The first mistake I made was getting a tattoo behind my dads back. Nothing too big, or anything stupid. This tattoo means a lot to me and my mom knew. I just didn’t care about what my dad thought. I knew he was against tattoos because I got one before this one but he knew. We made a deal on only one. What’s worst is I used the money he gave me to save to pay for the tattoo. I didn’t even tell him about it till someone else told him. Because he’s understanding he didn’t get mad at me. I know he’ll always remember that I betrayed him.
The second mistake was my first homecoming at my new school. I wanted to have a good time. The night before my dad allowed me to drink so after I got ready I started drinking as much as I could before we left so I could loosen up. I didn’t even think about the consequences if I got caught. On our way my dad asked me if I was drunk and I lied to him so he would let me go. So I went and I had a great time. Everyone thought I was gonna get kicked out. After the dance I heard there was an after party and me being me wanted to go drink some more. I was lucky that my cousins didn’t want to go or who knows what would have happened. The next day my dad told me he knew I was drunk but he trusted me.

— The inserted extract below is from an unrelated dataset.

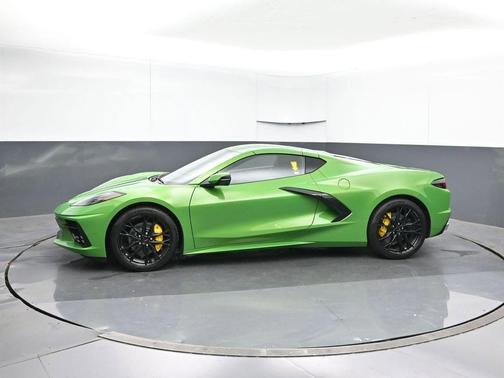 2026 Chevrolet Corvette Stingray w/2LT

My third mistake was going against my parents wishes. I had a friend who was not the best person and I knew he liked me. I felt flattered to have such a really good looking guy be into me that I didn’t even care about what my parents thought about it. After all that my mom and dad still forgave me.
My fourth mistake was letting my friend convince me to skip school. We left the building and went to tons of places. I had a really fun time. After that one time it led to another and another. I thought I was too smart to get caught. It got to the point when I didn’t even show up to English for a whole week. So my teacher called my mom and one thing led to another and now I’m failing English because I was stupid. Worst then that I broke my parents trust for the last time. They got tired of hearing my excuses and watching me make mistakes that hurt me that they don’t even trust me anymore. I don’t blame them..
My point is I’ve made more mistakes these past couple months then my whole life. And now not only am I hurting my future but I lost my parents trust and now they look at me with disappointment. I learned from my mistakes and starting today I’m gonna change and prove myself to be the old me. I need to do what’s best for me .
Thank you to anyone who takes the time to read about my problems. I hope this inspires you!